Pittsburgh Out-New Yorks NYC

New York City, Pittsburgh is putting you on notice. Remember how Brooklyn was pining for Carnegie Mellon University last December? The vision is to put an entertainment-tech campus in the borough. Thanks, but no thanks:

Four movie-making institutions have banded together in Pittsburgh to create what they believe is the best production site outside of Hollywood.

If a producer wants to find comparable capabilities, "it would have to be in LA. Not even New York has what we're talking about today," said Chris Breakwell, chief executive officer of The 31st Street Studios in the Strip District.

His studio, the site for major films including "The Dark Knight Rises," announced long-term agreements to house Paramount On Location, some classes for Carnegie Mellon University's Entertainment Technology Center and Knight Vision, which did the groundbreaking digital effects for "Avatar." The studio occupies a 300,000-square-foot former Crucible Steel plant on 10 acres along the Allegheny River.

Emphasis added. Why do something in New York City when you can do it in Pittsburgh, where the talent is produced? The Big Apple will have to settle for sloppy seconds. The creative Brooklyn exodus to Rust Belt cities will continue. Pittsburgh doesn't need New York. New York needs Pittsburgh.

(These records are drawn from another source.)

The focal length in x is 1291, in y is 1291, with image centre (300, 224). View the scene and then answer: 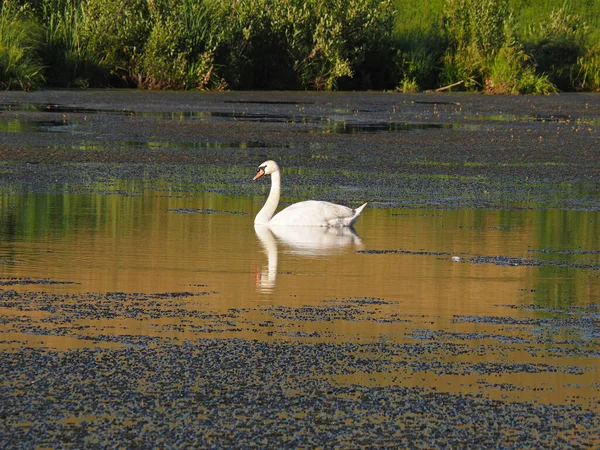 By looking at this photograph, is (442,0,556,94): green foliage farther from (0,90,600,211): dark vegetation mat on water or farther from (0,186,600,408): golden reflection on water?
(0,186,600,408): golden reflection on water

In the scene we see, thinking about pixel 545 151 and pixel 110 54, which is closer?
pixel 545 151

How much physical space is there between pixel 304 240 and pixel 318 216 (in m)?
0.46

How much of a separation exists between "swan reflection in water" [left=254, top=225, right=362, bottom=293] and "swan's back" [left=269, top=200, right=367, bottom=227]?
2.3 inches

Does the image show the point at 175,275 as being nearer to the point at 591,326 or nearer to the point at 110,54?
the point at 591,326

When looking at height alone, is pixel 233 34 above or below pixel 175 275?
above

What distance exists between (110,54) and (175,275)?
2735cm

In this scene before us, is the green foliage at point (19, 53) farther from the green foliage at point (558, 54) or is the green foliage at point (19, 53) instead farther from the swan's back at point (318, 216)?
the swan's back at point (318, 216)

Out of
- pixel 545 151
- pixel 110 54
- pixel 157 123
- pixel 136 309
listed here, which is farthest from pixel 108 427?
pixel 110 54

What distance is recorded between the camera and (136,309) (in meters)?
7.80

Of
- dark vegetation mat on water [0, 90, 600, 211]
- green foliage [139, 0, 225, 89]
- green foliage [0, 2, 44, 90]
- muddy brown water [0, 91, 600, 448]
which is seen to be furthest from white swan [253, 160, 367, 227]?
green foliage [139, 0, 225, 89]

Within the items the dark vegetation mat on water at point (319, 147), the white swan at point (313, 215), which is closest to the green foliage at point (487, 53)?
the dark vegetation mat on water at point (319, 147)

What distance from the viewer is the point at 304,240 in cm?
1137

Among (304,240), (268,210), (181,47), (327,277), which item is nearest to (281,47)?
(181,47)

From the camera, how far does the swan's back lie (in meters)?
11.7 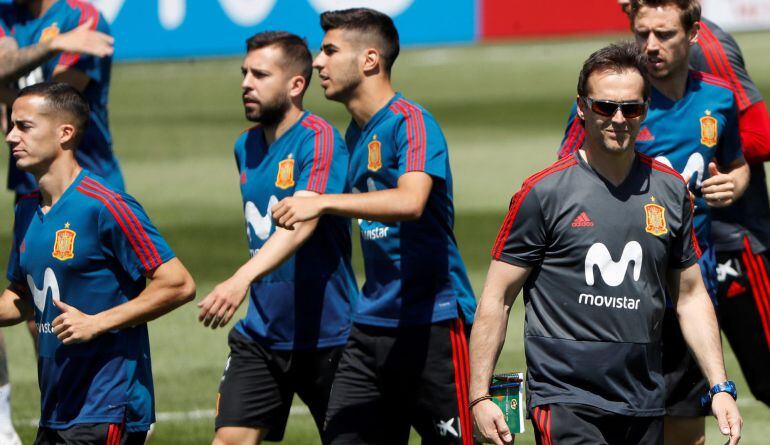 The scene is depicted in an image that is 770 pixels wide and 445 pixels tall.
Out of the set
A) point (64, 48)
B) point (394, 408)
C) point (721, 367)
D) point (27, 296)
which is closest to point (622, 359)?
point (721, 367)

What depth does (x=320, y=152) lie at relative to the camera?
716 cm

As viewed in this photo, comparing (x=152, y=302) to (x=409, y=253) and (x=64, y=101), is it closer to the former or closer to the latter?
(x=64, y=101)

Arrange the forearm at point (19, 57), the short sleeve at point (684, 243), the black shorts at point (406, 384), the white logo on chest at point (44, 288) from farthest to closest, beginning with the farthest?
the forearm at point (19, 57)
the black shorts at point (406, 384)
the white logo on chest at point (44, 288)
the short sleeve at point (684, 243)

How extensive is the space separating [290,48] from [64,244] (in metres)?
1.75

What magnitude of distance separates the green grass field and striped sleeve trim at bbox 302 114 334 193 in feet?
6.70

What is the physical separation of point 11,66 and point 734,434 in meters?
4.77

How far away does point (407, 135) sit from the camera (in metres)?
6.77

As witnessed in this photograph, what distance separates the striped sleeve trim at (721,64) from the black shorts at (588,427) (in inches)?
87.3

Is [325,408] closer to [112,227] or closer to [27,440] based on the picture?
[112,227]

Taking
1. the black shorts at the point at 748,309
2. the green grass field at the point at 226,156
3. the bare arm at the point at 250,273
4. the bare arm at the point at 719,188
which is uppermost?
the bare arm at the point at 719,188

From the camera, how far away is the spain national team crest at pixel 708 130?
6859 millimetres

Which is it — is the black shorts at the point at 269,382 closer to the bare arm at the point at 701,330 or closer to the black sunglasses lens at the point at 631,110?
the bare arm at the point at 701,330

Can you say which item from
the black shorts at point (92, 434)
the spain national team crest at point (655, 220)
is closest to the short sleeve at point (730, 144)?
the spain national team crest at point (655, 220)

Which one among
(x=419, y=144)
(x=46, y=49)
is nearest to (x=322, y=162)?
(x=419, y=144) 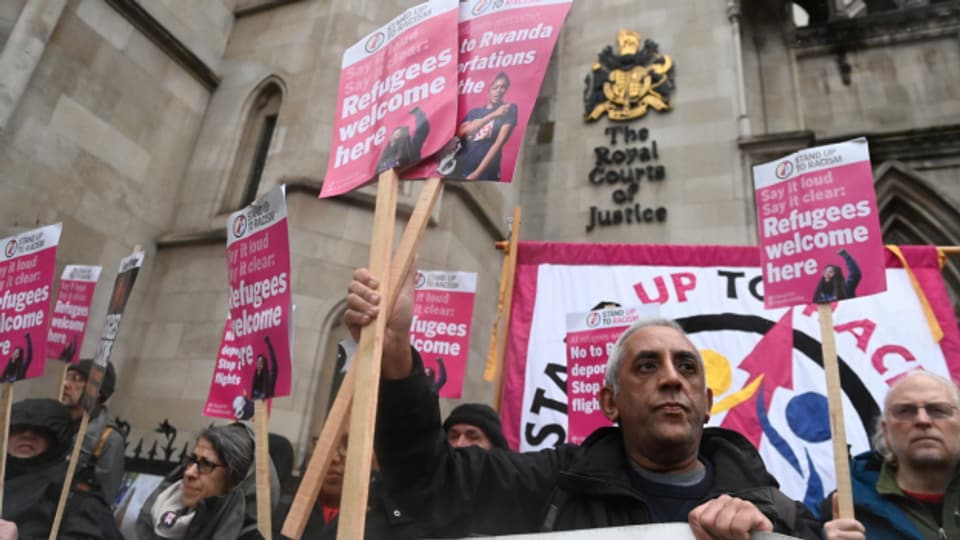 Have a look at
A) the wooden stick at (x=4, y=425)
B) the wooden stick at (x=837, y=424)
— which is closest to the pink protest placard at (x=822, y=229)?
the wooden stick at (x=837, y=424)

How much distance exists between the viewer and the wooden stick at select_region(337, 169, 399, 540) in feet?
5.04

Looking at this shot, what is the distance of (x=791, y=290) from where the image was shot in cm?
291

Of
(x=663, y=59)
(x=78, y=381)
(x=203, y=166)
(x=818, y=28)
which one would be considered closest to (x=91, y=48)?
(x=203, y=166)

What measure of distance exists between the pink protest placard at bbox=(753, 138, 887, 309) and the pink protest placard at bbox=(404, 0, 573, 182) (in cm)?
161

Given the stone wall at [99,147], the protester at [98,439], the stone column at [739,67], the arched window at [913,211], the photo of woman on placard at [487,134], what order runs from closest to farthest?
the photo of woman on placard at [487,134] → the protester at [98,439] → the stone wall at [99,147] → the arched window at [913,211] → the stone column at [739,67]

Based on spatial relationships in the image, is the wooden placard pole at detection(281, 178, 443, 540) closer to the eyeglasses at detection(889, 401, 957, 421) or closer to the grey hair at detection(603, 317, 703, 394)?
the grey hair at detection(603, 317, 703, 394)

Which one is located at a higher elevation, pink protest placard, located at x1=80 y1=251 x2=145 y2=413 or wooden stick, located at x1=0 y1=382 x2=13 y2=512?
pink protest placard, located at x1=80 y1=251 x2=145 y2=413

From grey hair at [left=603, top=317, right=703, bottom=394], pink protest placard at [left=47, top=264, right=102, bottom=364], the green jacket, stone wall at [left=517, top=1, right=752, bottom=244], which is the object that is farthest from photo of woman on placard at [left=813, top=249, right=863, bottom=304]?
stone wall at [left=517, top=1, right=752, bottom=244]

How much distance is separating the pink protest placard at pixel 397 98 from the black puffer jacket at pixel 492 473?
852mm

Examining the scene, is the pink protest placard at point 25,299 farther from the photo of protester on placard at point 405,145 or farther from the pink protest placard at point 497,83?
the pink protest placard at point 497,83

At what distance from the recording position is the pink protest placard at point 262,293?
9.39 ft

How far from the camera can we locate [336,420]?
1.75 m

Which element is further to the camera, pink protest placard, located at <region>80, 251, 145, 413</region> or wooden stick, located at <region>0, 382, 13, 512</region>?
pink protest placard, located at <region>80, 251, 145, 413</region>

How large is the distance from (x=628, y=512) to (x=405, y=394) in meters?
0.68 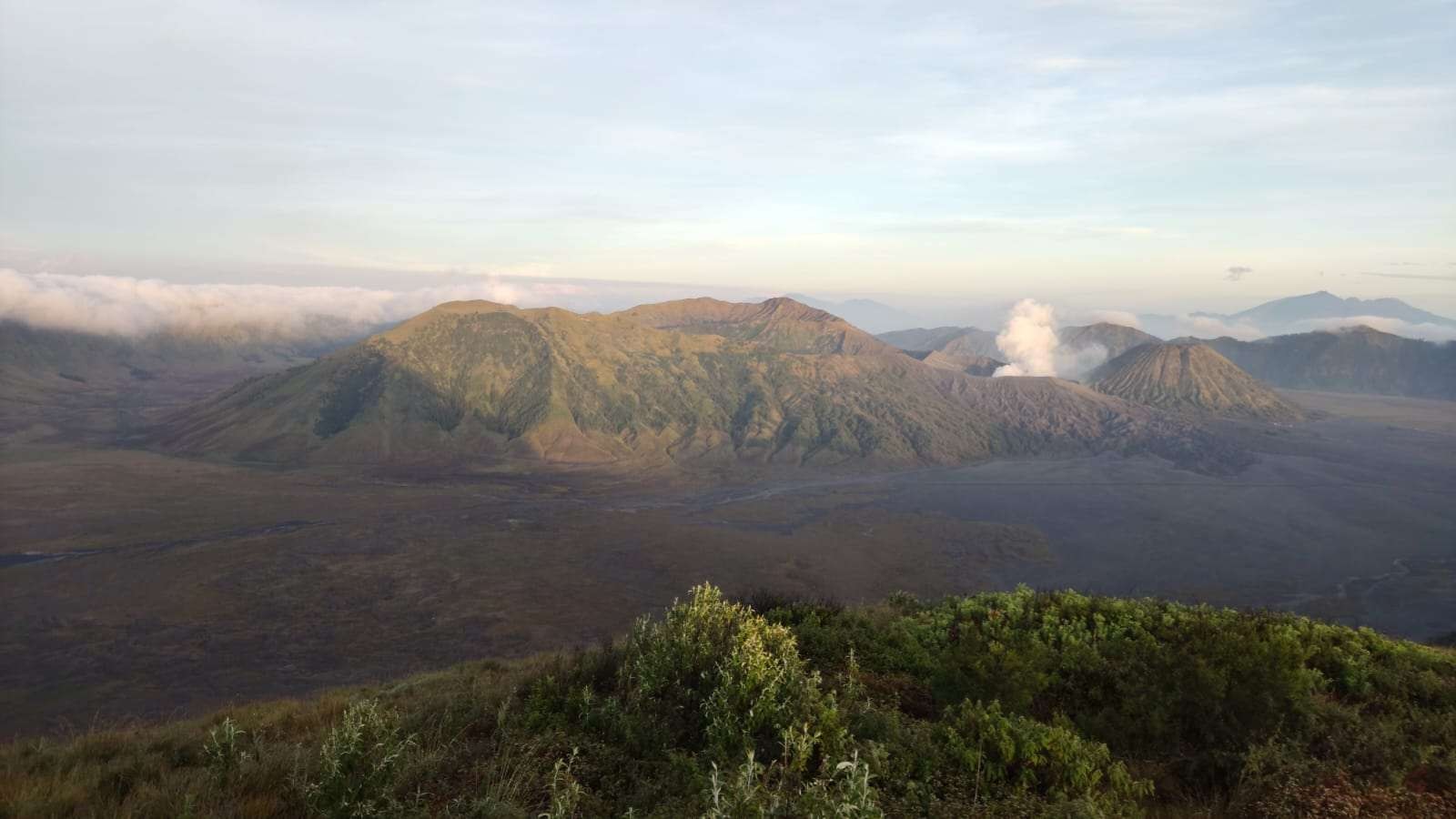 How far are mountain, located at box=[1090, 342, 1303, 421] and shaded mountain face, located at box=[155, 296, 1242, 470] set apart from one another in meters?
25.6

To understand how this flip-flop occurred, you have to look at the brain circulation between the two metros. Pittsburgh and NYC are major talent trading partners. The brain drain to the alpha global city is finally paying dividends for a third tier city more renown for being stuck in a cul-de-sac of globalization. Pittsburgh just staked its claim to the title of Sixth Borough.

1 comment:

Anonymous said...

by stating New York needs Pittsburgh more than the other way around... and then calling Pittsburgh the new 6th borough (which New Jersey, Philly, Florida have all been called before) is a little contradictory. It's also quite fine to love and be a booster of Pittsburgh... but to say that is where the talent comes from is a little more than dishonest. Sure there is talent in Pittsburgh.. but more than in New York?? That's a little more than hard to believe... and doesn't really have a basis.